The Nevada Wolf Pack men's basketball team safely and comfortably led the Boise State Broncos by five points with five seconds to play 10 days ago at Lawlor Events Center when Caleb Martin handed us all a teachable moment.

"Towards the end of the game when I tried to reach in there and tap it from the big dude (Boise's Zach Haney) and the ref called a little foul," the Wolf Pack junior remembered with a smile. "The ref said, 'Come on, man. Why'd you do that?' I just said, 'Man, we can't do nothing easy here. Nothing easy here.'"

Nothing easy here. Remember those three simple yet important words as this season reaches a crescendo over the next two months. The Wolf Pack might want to plaster those meaningful words on a t-shirt and wear it during the pre-game warm-ups just to serve as a helpful reminder.

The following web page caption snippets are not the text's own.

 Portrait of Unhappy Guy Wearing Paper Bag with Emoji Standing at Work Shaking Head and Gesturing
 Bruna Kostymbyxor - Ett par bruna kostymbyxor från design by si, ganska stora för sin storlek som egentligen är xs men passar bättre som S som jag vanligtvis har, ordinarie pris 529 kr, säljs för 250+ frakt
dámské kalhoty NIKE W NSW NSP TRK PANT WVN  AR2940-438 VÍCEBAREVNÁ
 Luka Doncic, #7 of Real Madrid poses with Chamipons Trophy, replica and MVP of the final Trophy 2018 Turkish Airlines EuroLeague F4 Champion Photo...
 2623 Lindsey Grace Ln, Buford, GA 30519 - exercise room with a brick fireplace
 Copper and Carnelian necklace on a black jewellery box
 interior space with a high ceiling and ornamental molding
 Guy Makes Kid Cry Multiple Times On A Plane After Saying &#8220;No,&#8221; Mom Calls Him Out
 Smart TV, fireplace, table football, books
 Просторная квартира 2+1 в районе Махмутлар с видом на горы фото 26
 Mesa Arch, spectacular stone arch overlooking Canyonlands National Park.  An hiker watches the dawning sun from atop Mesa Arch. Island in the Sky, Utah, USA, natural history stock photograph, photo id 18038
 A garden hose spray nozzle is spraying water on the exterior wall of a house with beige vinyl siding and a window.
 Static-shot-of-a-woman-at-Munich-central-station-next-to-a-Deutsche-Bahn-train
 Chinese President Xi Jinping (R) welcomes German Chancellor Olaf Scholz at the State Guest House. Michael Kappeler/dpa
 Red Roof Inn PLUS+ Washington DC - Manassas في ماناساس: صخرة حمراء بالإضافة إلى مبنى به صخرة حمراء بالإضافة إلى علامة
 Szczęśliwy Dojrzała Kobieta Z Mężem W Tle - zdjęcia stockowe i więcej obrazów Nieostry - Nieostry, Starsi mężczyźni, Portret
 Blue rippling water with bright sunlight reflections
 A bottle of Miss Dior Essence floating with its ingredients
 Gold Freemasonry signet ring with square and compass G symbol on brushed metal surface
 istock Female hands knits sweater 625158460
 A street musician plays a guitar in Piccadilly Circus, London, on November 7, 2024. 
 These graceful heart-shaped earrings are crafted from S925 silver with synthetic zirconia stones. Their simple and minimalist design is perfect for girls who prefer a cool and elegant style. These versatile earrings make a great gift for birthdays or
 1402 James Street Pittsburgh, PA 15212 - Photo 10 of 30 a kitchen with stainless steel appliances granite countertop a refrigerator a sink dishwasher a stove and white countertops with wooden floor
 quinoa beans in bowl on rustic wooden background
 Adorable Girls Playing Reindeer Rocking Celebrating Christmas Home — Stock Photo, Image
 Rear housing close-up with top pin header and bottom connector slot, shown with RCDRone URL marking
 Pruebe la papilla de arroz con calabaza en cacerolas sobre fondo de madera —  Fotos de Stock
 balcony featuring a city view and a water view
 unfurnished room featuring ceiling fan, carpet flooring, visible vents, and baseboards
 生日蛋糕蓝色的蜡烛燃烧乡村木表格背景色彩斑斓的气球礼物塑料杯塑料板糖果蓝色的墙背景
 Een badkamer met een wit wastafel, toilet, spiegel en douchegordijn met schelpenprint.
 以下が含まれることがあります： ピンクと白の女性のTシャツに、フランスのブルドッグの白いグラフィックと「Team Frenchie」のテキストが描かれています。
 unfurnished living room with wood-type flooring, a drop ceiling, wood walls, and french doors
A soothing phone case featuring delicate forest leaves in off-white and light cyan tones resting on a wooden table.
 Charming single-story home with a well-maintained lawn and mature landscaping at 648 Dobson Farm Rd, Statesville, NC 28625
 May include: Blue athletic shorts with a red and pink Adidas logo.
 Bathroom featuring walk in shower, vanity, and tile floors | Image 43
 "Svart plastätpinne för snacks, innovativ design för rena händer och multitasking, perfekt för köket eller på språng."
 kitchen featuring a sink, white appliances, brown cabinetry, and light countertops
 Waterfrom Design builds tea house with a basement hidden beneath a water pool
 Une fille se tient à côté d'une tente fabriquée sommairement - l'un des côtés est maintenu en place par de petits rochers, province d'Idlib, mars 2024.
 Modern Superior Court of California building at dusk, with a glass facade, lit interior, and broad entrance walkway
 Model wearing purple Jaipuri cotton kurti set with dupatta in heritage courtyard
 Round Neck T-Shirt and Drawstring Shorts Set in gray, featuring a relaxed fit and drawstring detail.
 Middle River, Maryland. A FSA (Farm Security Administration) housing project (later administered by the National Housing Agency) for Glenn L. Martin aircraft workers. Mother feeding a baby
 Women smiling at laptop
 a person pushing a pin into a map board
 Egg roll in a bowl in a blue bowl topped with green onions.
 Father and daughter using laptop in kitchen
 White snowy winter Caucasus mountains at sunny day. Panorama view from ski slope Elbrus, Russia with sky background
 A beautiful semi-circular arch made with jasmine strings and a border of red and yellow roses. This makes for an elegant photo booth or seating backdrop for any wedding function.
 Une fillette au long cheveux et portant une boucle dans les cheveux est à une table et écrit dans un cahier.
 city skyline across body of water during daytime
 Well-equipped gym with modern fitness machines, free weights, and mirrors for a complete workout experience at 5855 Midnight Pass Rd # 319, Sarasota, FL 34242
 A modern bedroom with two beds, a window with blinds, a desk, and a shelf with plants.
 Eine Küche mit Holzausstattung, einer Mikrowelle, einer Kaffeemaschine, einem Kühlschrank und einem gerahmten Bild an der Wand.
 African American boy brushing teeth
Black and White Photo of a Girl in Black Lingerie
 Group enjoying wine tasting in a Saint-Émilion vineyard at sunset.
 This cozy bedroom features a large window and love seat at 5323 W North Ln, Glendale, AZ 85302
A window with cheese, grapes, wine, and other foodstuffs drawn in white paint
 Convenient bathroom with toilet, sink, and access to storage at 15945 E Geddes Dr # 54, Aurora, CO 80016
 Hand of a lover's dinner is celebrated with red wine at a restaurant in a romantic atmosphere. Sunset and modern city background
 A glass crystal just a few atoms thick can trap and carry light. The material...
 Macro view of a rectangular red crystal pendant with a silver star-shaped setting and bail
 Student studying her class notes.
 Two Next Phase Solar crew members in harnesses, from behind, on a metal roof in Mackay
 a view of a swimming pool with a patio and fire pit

Nothing easy here. Who said college basketball was supposed to be easy? Men's college basketball isn't professional wrestling, a Connecticut women's basketball game or Tom Brady in the AFC Championship game. Yes, the Wolf Pack is 18-4 overall this season and on top of the Mountain West Conference at 7-1. And, yes, the Pack has jumped into the national Top 25 rankings twice already this year and will likely be back for a third time before you can recite the words to The Law of the Jungle.

But, as Ringo Starr once said, "It don't come easy. You got to pay your dues if you want to sing the blues."

One of those painful dues the Wolf Pack has paid this season took place just last week in Laramie, Wyo. Nobody said it would be easy but nobody expected the yellow and brown slop the Pack stepped into last week.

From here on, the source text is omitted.